At least 780 million people in the world lack access to clean water, a dire problem exacerbated by the increasing number of people living in poorly-equipped refugee camps. Researchers from KTH Royal Institute of Technology in Sweden may have come up with a low-cost, low-tech solution: a portable wood filter that doesn’t require a power source to produce clean water.
KTH scientists developed a material from wood cellulose that can trap bacteria, and are testing the material for use as a water filter. PhD student Anna Ottenhall said, “Our aim is that we can provide the filter for a portable system that doesn’t need electricity – just gravity – to run raw water through it…The bacteria-trapping material does not leach any toxic chemicals into the water, as many other on-site purification methods do.”
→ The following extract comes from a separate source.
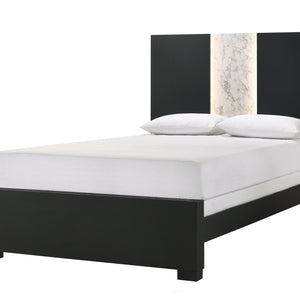 Rangley Black LED Panel Bedroom Set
The wood cellulose fibers utilized are antibacterial, and are dipped in a positively-charged polymer solution to create the material, which works since bacteria and viruses are negatively charged, according to Phys.org. The harmful viruses and bacteria stick to the material, unable to get free or reproduce, and eventually die. Another benefit of this method of purification is that bacteria won’t be able to build up a resistance to it.
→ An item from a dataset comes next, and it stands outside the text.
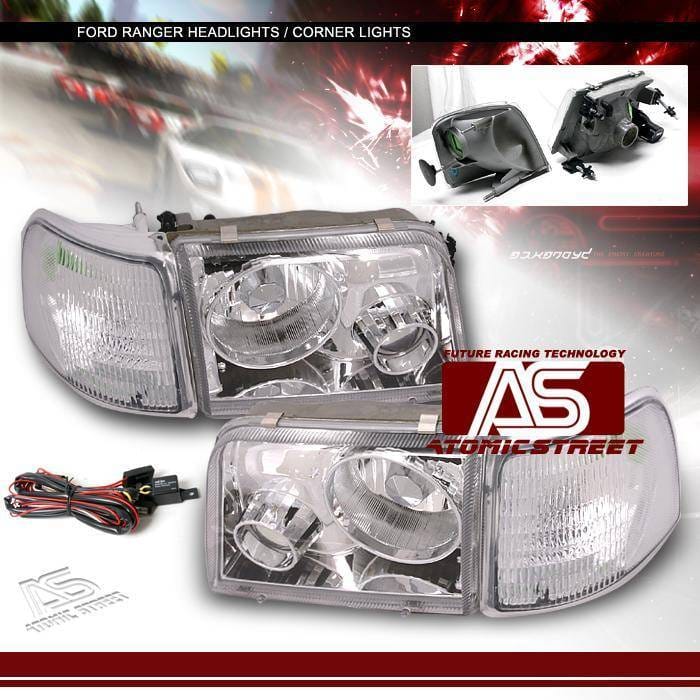 Euro Chrome Pro Headlights With Corner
The Swedish research team envisions their material used as a water filter in places that lack wells or infrastructure, like refugee camps or in emergencies. After use, the material can simply be burned. Bandages, packaging, and plasters could potentially draw on the material as well to dispose of bacteria in ways that don’t put toxins into the environment.
KTH researchers are developing several other wood-based materials along with this wood water filter, such as see-through wood, a wood polystyrene alternative, and squishy wood batteries.